◆ Problem description
The material below is to be copied exactly from the line with "64987 GOOBAY - Lámpara" up to and including the line with "Grace Karin 2016", with nothing else kept and no pictures.

◆ Excerpted records

▼

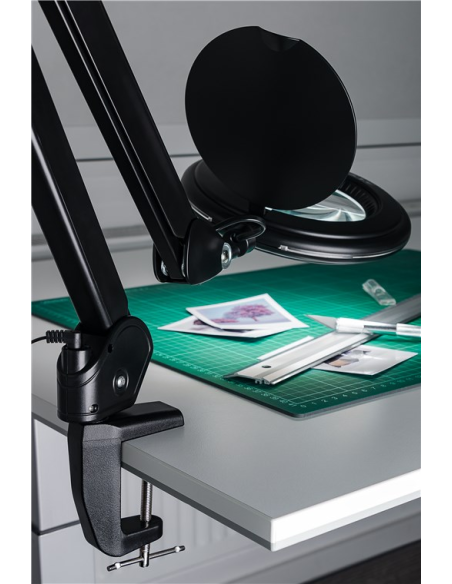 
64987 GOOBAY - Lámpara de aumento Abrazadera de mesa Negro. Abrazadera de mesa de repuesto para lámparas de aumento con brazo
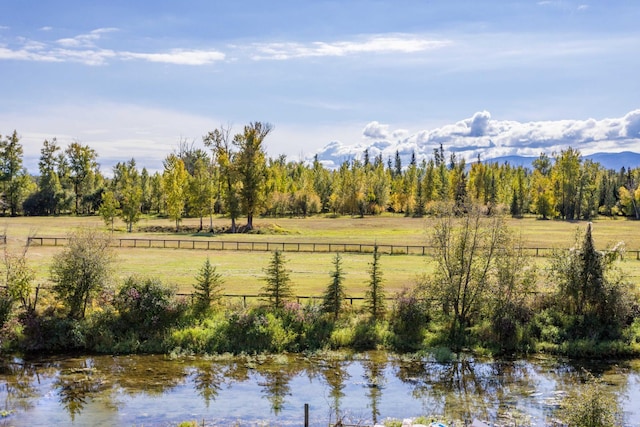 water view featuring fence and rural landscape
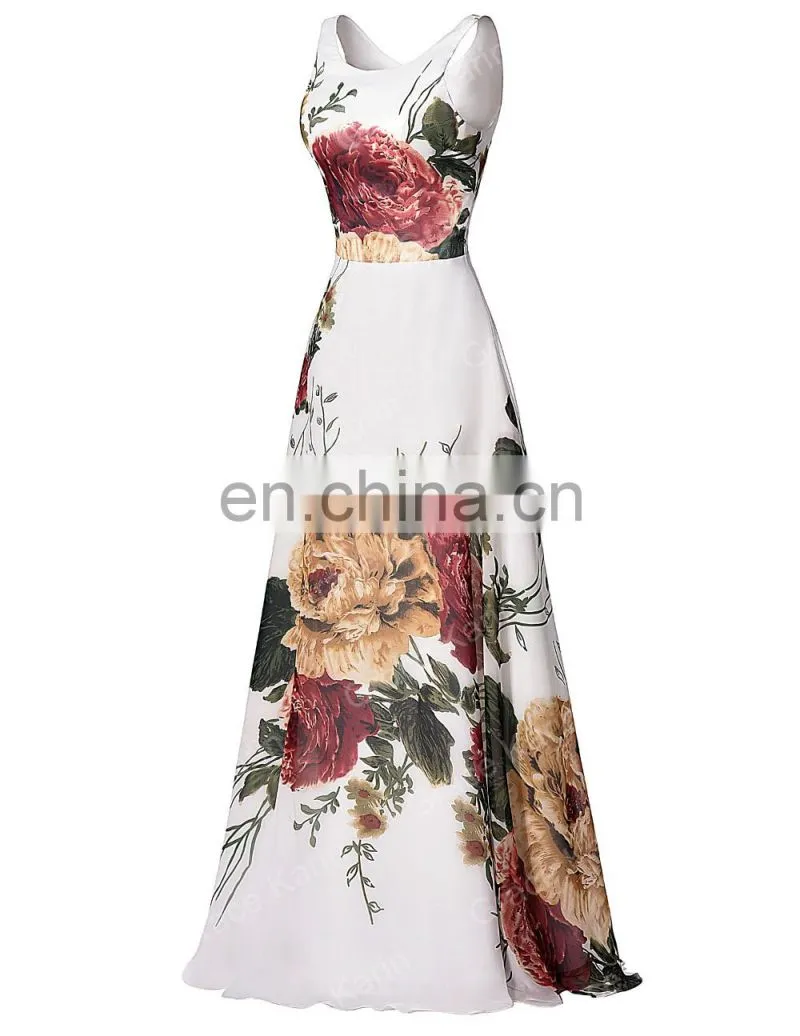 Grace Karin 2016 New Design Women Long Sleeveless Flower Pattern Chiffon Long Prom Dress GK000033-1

▲
▼

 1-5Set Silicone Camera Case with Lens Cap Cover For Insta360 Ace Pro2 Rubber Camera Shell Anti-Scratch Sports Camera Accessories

▲

◆ Written response
64987 GOOBAY - Lámpara de aumento Abrazadera de mesa Negro. Abrazadera de mesa de repuesto para lámparas de aumento con brazo
 water view featuring fence and rural landscape
 Grace Karin 2016 New Design Women Long Sleeveless Flower Pattern Chiffon Long Prom Dress GK000033-1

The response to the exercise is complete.